Exercise goal:
Exact copy, no pictures: repeat the data that follows.

Records excerpted from a collection:
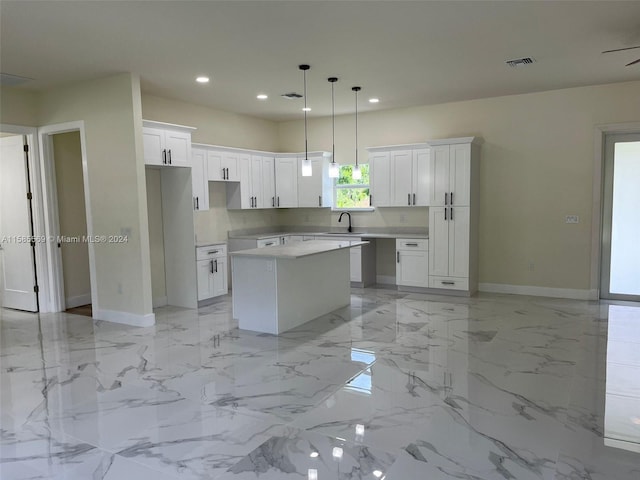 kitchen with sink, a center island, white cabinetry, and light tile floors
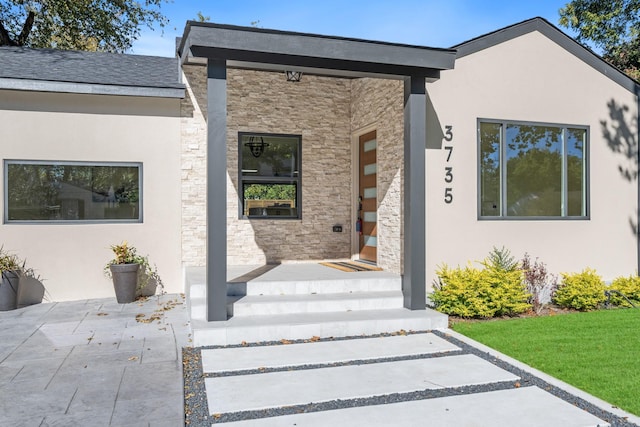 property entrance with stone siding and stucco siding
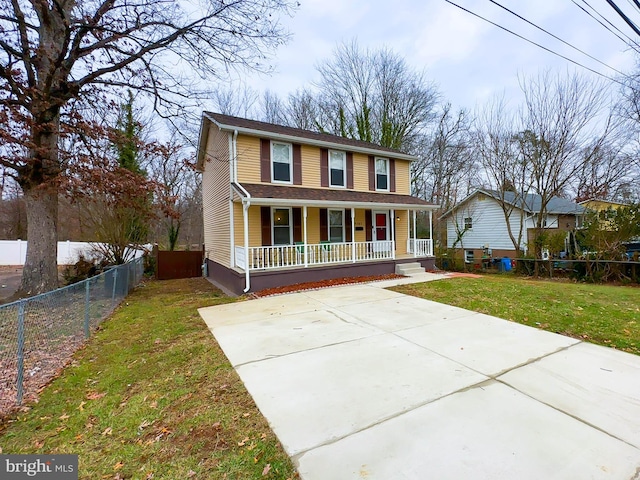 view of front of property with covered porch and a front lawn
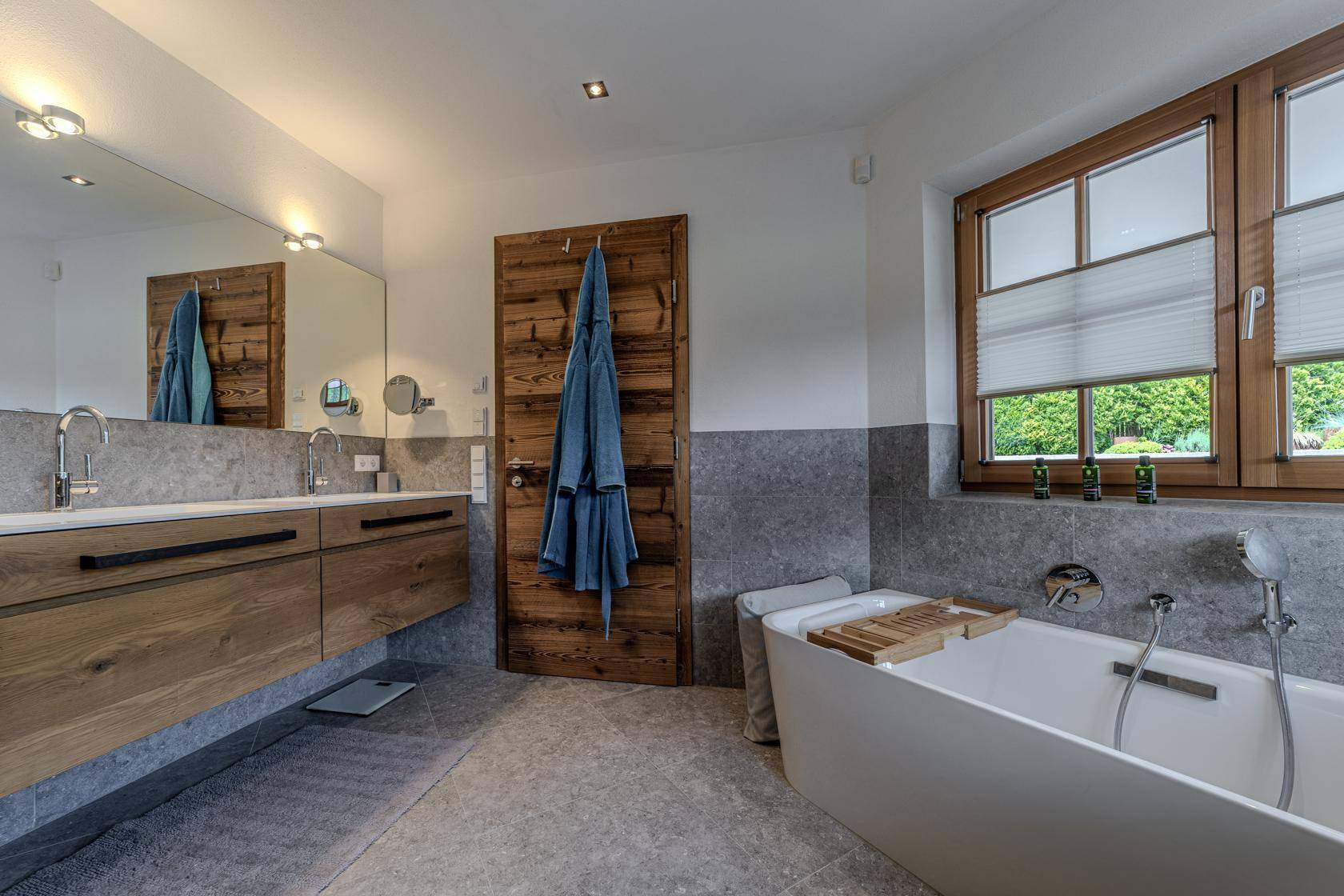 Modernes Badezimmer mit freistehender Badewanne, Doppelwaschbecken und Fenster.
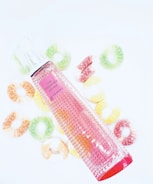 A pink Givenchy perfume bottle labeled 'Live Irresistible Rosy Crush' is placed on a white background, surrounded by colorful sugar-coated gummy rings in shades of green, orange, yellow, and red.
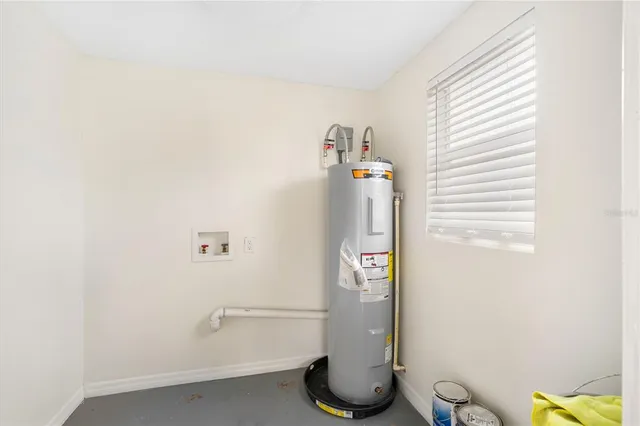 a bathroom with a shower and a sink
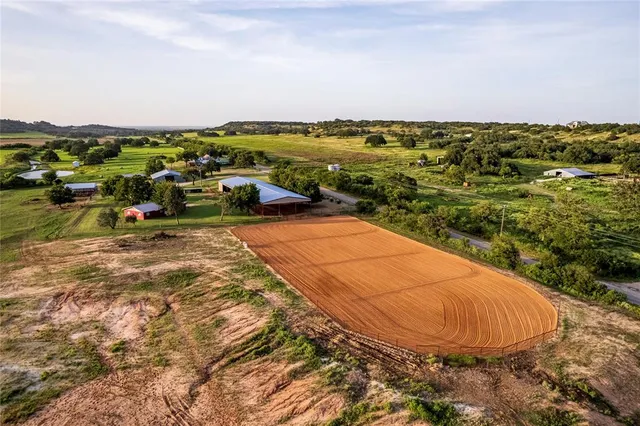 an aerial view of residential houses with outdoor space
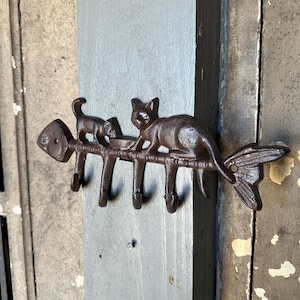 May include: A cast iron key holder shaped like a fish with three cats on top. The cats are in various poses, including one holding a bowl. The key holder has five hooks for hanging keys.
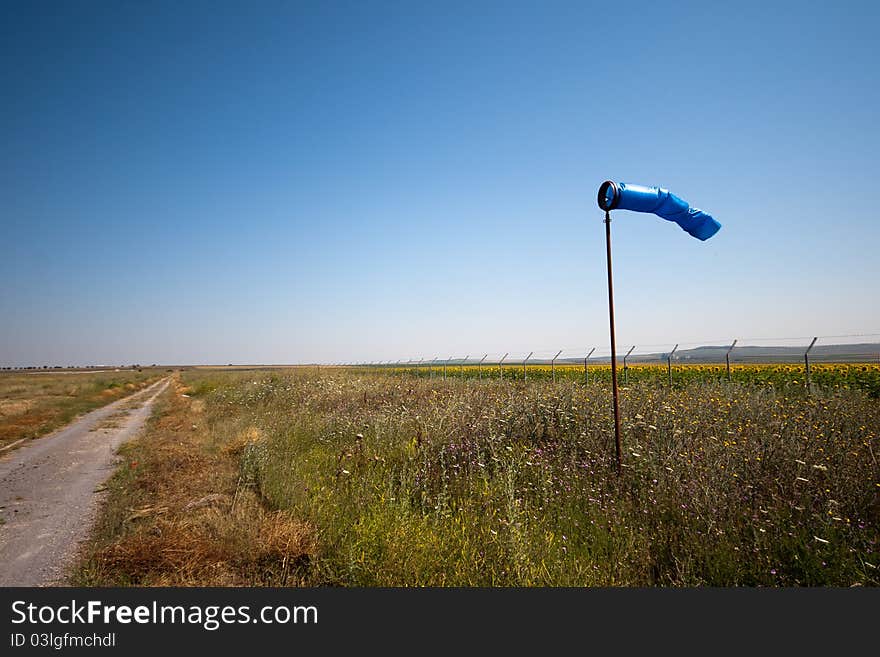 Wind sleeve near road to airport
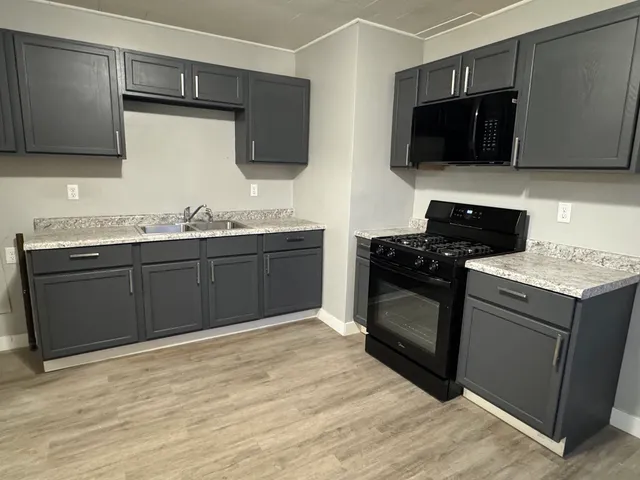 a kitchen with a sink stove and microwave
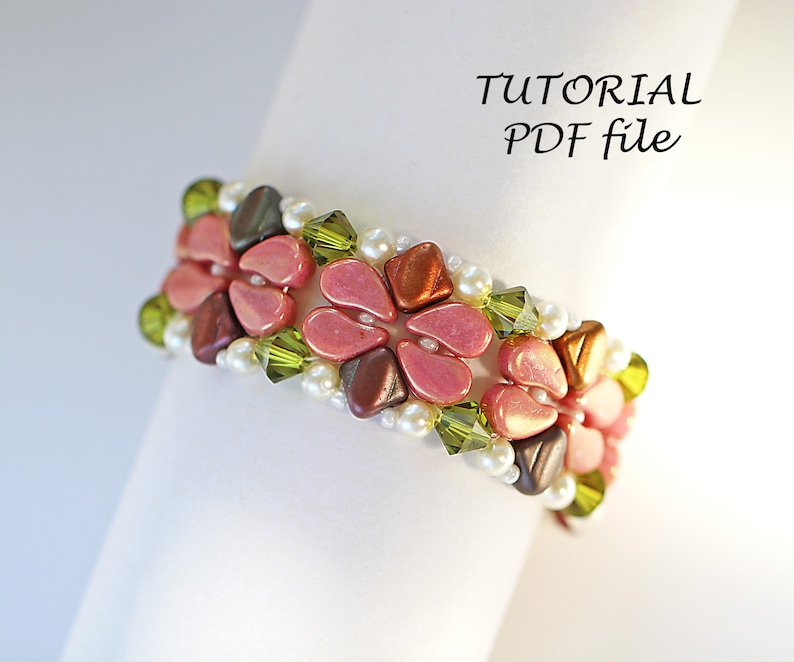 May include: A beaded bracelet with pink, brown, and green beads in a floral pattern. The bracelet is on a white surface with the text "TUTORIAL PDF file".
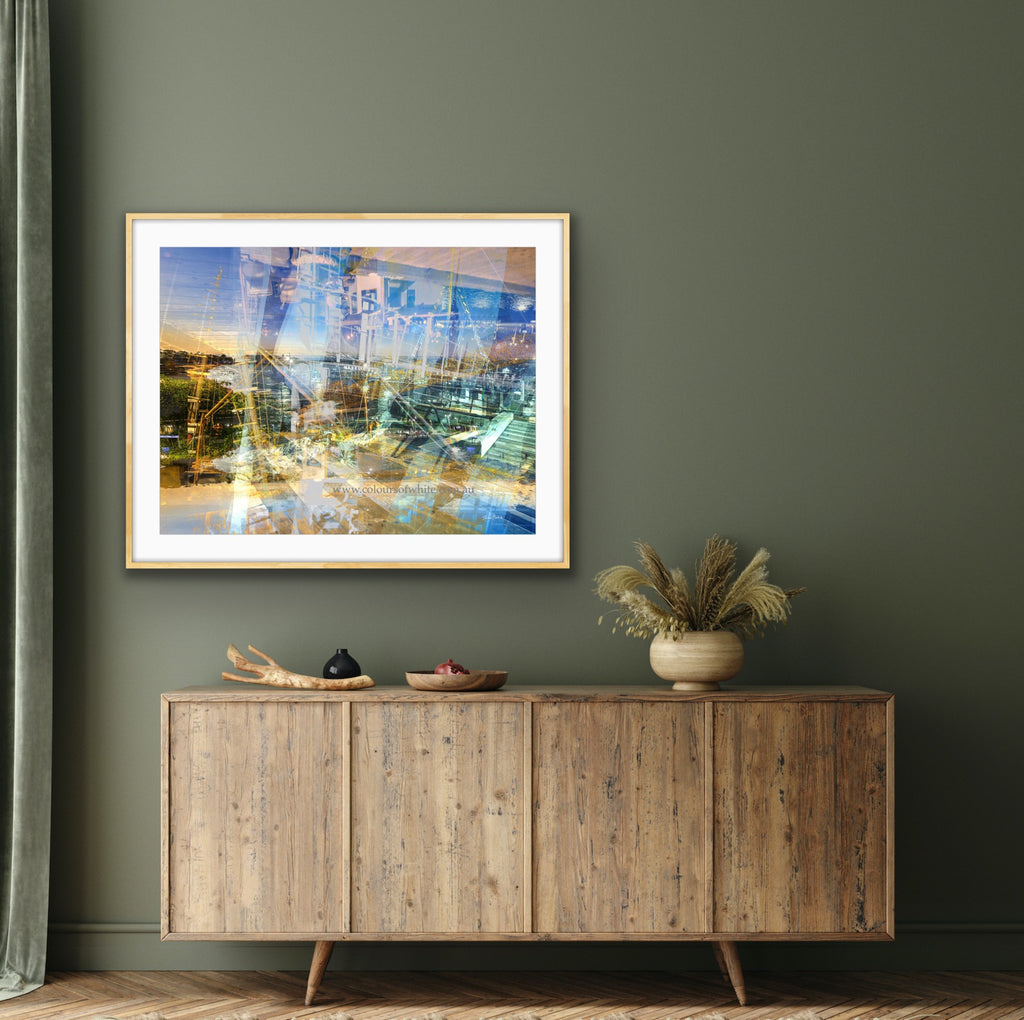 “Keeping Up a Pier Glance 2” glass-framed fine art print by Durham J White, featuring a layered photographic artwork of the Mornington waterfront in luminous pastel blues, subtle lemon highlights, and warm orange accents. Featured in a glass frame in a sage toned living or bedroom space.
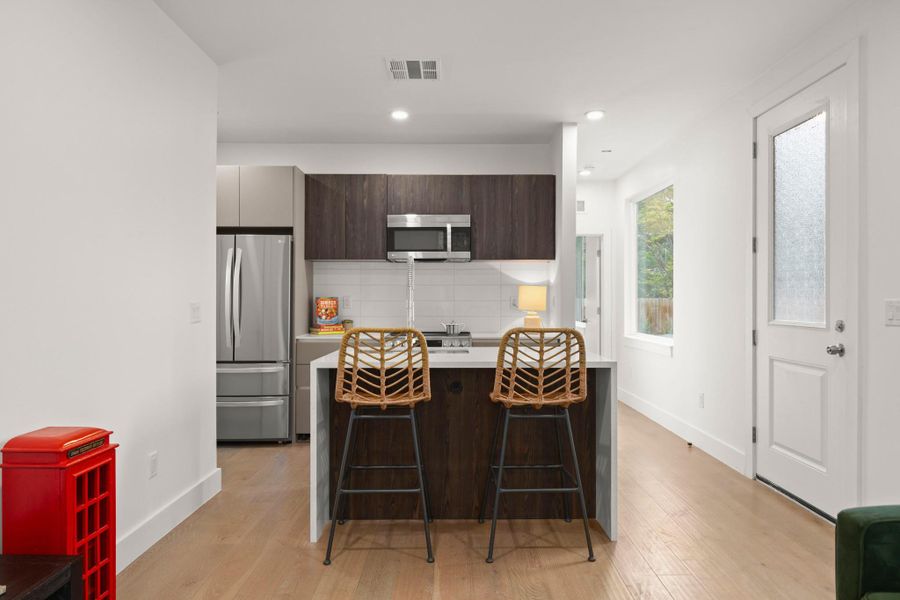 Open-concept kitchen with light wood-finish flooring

Response box:
 kitchen with sink, a center island, white cabinetry, and light tile floors
 property entrance with stone siding and stucco siding
 view of front of property with covered porch and a front lawn
 Modernes Badezimmer mit freistehender Badewanne, Doppelwaschbecken und Fenster.
 A pink Givenchy perfume bottle labeled 'Live Irresistible Rosy Crush' is placed on a white background, surrounded by colorful sugar-coated gummy rings in shades of green, orange, yellow, and red.
 a bathroom with a shower and a sink
 an aerial view of residential houses with outdoor space
 May include: A cast iron key holder shaped like a fish with three cats on top. The cats are in various poses, including one holding a bowl. The key holder has five hooks for hanging keys.
 Wind sleeve near road to airport
 a kitchen with a sink stove and microwave
 May include: A beaded bracelet with pink, brown, and green beads in a floral pattern. The bracelet is on a white surface with the text "TUTORIAL PDF file".
 “Keeping Up a Pier Glance 2” glass-framed fine art print by Durham J White, featuring a layered photographic artwork of the Mornington waterfront in luminous pastel blues, subtle lemon highlights, and warm orange accents. Featured in a glass frame in a sage toned living or bedroom space.
 Open-concept kitchen with light wood-finish flooring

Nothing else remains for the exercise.